**** Exercise data ****

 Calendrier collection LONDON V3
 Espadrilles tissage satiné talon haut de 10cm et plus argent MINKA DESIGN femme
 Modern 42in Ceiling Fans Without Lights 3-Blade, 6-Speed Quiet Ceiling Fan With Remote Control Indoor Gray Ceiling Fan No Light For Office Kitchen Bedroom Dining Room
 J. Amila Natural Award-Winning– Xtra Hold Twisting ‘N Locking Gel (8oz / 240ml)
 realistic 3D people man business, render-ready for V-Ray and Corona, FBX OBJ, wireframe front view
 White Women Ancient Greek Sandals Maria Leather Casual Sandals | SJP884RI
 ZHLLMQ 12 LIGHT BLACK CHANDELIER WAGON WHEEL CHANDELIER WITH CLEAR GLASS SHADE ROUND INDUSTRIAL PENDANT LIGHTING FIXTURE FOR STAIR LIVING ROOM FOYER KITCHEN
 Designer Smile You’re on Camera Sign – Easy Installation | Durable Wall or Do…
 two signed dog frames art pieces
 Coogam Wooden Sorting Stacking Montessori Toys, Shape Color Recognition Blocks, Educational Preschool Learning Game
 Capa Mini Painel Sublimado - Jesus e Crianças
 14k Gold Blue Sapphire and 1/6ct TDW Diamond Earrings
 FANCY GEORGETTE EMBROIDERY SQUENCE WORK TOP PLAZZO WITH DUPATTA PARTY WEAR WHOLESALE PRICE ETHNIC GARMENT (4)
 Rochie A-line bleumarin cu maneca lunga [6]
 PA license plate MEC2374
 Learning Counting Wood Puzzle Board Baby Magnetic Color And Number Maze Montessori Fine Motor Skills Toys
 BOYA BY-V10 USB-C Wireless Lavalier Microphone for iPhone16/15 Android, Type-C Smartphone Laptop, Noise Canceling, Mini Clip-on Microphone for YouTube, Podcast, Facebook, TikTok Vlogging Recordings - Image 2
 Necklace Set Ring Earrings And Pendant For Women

****

## Task instructions
Each of the entries must be set down again exactly.

## The completed task
 Calendrier collection LONDON V3
 Espadrilles tissage satiné talon haut de 10cm et plus argent MINKA DESIGN femme
 Modern 42in Ceiling Fans Without Lights 3-Blade, 6-Speed Quiet Ceiling Fan With Remote Control Indoor Gray Ceiling Fan No Light For Office Kitchen Bedroom Dining Room
 J. Amila Natural Award-Winning– Xtra Hold Twisting ‘N Locking Gel (8oz / 240ml)
 realistic 3D people man business, render-ready for V-Ray and Corona, FBX OBJ, wireframe front view
 White Women Ancient Greek Sandals Maria Leather Casual Sandals | SJP884RI
 ZHLLMQ 12 LIGHT BLACK CHANDELIER WAGON WHEEL CHANDELIER WITH CLEAR GLASS SHADE ROUND INDUSTRIAL PENDANT LIGHTING FIXTURE FOR STAIR LIVING ROOM FOYER KITCHEN
 Designer Smile You’re on Camera Sign – Easy Installation | Durable Wall or Do…
 two signed dog frames art pieces
 Coogam Wooden Sorting Stacking Montessori Toys, Shape Color Recognition Blocks, Educational Preschool Learning Game
 Capa Mini Painel Sublimado - Jesus e Crianças
 14k Gold Blue Sapphire and 1/6ct TDW Diamond Earrings
 FANCY GEORGETTE EMBROIDERY SQUENCE WORK TOP PLAZZO WITH DUPATTA PARTY WEAR WHOLESALE PRICE ETHNIC GARMENT (4)
 Rochie A-line bleumarin cu maneca lunga [6]
 PA license plate MEC2374
 Learning Counting Wood Puzzle Board Baby Magnetic Color And Number Maze Montessori Fine Motor Skills Toys
 BOYA BY-V10 USB-C Wireless Lavalier Microphone for iPhone16/15 Android, Type-C Smartphone Laptop, Noise Canceling, Mini Clip-on Microphone for YouTube, Podcast, Facebook, TikTok Vlogging Recordings - Image 2
 Necklace Set Ring Earrings And Pendant For Women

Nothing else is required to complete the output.